Tom Abatemarco

Biographical details
- Born: October 3, 1949 (age 76)

Playing career
- 1971–1974: Dowling

Coaching career (HC unless noted)
- 1974–1975: NYIT (assistant)
- 1975–1977: Iona (assistant)
- 1977–1978: Davidson (assistant)
- 1978–1979: St. John's (assistant)
- 1979–1981: Maryland (assistant)
- 1981–1982: Virginia Tech (assistant)
- 1982–1986: NC State (assistant)
- 1986–1988: Lamar
- 1988–1990: Drake
- 1991–1994: Colorado (assistant)
- 1994–1997: Rutgers (assistant)
- 1997–2000: Sacramento State
- 2003–2008: Sacramento Monarchs (assistant)
- 2003–2004: Utah (assistant)
- 2008–2009: Reno Bighorns (assistant)
- 2010–2012: Colorado (assistant)
- 2013–2014: Loyola Marymount (assistant)
- 2014–2015: Tulsa (assistant)
- 2015–2018: Florida Gulf Coast (assistant)
- 2020–2023: Iona (assistant)

Head coaching record
- Overall: 70–121

= Tom Abatemarco =

American basketball coach

Tom Abatemarco (born October 3, 1949) is an American college basketball coach, currently an assistant for the Iona Gaels of the Metro Atlantic Athletic Conference (MAAC). Abatemarco has previously been a head coach at Lamar, Drake and Sacramento State. He was also an assistant to Jim Valvano on the 1983 national champion NC State team and spent time as a professional assistant in the Women's National Basketball Association and the NBA Development League.

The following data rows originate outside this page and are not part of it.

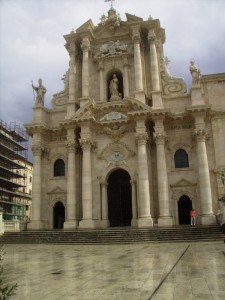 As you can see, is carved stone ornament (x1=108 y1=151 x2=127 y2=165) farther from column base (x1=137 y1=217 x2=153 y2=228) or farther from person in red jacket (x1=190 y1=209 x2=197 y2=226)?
person in red jacket (x1=190 y1=209 x2=197 y2=226)

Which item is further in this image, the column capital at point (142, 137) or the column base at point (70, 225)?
the column capital at point (142, 137)

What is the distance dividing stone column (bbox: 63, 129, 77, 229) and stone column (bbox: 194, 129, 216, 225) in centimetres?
1104

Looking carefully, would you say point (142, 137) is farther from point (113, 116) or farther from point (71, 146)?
point (71, 146)

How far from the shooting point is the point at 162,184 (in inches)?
1071

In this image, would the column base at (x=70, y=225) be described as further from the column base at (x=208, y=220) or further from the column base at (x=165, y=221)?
the column base at (x=208, y=220)

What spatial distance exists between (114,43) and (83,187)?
15.7 meters

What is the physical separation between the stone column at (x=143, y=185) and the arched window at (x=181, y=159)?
3.28 m

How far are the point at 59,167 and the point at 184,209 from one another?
12.7m

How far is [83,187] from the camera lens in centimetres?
2853

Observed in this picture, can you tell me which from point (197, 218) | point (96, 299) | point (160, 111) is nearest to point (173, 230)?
point (197, 218)

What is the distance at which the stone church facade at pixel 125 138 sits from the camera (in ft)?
91.5

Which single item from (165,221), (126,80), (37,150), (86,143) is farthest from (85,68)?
(165,221)

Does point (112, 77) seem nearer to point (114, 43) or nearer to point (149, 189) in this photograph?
point (114, 43)

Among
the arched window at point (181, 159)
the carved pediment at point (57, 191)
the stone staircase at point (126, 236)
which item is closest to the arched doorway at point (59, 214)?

Abatemarco's best season as a head coach came with Lamar in the 1987–88 season where the team won 20 games. He then moved to Drake, but his tenure there was short. After a player revolt in his second season he resigned his post on February 20, 1990.

In 2020, Abatemarco was hired by Rick Pitino as an assistant at Iona, marking his 21st coaching stop.